Studies have shown that music helps strengthen memory skills in children and adults. According to the Children’s Music Workshop, linking familiar songs to new information can help imprint that information on the brain. That’s how songs from the cartoon series Animaniacs helped a generation of kids memorize their states and capitals, countries of the world and US presidents. For Noah Baldwin, inventing melodies to memorize patterns in games was both a useful memory tool and the origin of his passion for composing music.

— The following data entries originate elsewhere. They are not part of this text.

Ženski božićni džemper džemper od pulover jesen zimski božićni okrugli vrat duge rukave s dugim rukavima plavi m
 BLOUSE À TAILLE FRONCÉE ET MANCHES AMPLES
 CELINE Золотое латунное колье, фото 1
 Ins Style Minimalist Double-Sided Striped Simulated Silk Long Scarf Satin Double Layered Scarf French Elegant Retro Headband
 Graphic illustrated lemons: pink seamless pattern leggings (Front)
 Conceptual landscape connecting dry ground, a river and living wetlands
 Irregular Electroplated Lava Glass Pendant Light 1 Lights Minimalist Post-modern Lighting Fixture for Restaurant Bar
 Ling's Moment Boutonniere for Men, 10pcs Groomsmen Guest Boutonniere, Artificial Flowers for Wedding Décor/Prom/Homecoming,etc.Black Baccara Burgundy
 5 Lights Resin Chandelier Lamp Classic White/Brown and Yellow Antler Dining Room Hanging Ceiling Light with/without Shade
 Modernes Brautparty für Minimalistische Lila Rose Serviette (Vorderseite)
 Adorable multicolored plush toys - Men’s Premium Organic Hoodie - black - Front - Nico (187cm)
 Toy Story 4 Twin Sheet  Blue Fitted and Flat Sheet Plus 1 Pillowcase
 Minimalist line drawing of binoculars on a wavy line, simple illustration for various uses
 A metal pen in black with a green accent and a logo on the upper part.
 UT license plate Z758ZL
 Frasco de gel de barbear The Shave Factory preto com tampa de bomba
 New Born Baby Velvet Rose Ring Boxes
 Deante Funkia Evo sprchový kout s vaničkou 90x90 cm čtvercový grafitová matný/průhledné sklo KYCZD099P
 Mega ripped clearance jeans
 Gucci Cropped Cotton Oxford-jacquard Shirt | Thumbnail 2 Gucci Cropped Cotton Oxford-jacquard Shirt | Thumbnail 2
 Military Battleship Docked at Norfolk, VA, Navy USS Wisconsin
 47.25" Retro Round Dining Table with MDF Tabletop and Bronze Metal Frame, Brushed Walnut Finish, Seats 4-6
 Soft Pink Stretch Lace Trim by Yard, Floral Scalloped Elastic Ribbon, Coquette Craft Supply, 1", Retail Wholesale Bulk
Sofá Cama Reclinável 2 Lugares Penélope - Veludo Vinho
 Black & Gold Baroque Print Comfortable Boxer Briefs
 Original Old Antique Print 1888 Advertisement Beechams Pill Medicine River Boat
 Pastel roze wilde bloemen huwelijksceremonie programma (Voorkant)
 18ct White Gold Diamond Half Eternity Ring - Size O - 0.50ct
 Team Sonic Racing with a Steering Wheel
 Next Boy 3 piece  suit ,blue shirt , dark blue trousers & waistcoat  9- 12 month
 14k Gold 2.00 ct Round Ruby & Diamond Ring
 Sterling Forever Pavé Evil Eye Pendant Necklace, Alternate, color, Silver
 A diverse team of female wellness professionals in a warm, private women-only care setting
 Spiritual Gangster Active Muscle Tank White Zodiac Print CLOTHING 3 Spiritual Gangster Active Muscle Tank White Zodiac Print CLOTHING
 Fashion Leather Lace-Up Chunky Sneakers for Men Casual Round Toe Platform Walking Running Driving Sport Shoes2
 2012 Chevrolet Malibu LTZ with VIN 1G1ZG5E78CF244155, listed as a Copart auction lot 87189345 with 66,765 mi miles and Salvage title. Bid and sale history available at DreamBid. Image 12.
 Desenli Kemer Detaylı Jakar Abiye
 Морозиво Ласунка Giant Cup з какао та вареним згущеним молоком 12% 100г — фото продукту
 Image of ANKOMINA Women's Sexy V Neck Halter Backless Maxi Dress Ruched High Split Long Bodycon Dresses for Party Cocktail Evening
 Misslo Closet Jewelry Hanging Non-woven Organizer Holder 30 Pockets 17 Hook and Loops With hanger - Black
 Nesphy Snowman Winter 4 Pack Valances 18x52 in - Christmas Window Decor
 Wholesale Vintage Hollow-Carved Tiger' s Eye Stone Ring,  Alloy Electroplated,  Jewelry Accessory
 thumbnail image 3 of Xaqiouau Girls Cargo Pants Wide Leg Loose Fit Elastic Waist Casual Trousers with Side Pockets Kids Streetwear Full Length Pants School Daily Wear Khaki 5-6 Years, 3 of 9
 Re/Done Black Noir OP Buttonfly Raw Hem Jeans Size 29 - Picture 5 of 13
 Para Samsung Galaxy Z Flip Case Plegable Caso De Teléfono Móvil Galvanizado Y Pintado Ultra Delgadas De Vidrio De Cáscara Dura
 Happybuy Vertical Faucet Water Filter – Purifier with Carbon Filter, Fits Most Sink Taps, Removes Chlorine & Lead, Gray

“My mom told me I was always coming up with different melodies in the car. I didn’t know what I was doing, but I was always singing and always coming up with different ideas,” said Baldwin. “After I joined band in sixth grade, I figured out maybe I could hone that loose skill and make it something more concrete and presentable.”
Baldwin, a junior majoring in design studies, played the trombone in band for eight years. He composed his first original piece of music for an ensemble while in high school – an arrangement of “Amazing Grace” that his school’s wind ensemble performed.
“When I first joined band, there was something about classical music – the idea that you don’t need words to feel something – that really drew me to the classical sphere. I really love the way classical music sounds,” said Baldwin. “I love the harmonies, the complexities, the depth, the different instruments. I just love writing for different instruments and the different moods they can evoke – from the flute, maybe something more lively, to a trombone that can be very powerful. I love mixing those two together to create something that can be harmonious. It’s really interesting to me.”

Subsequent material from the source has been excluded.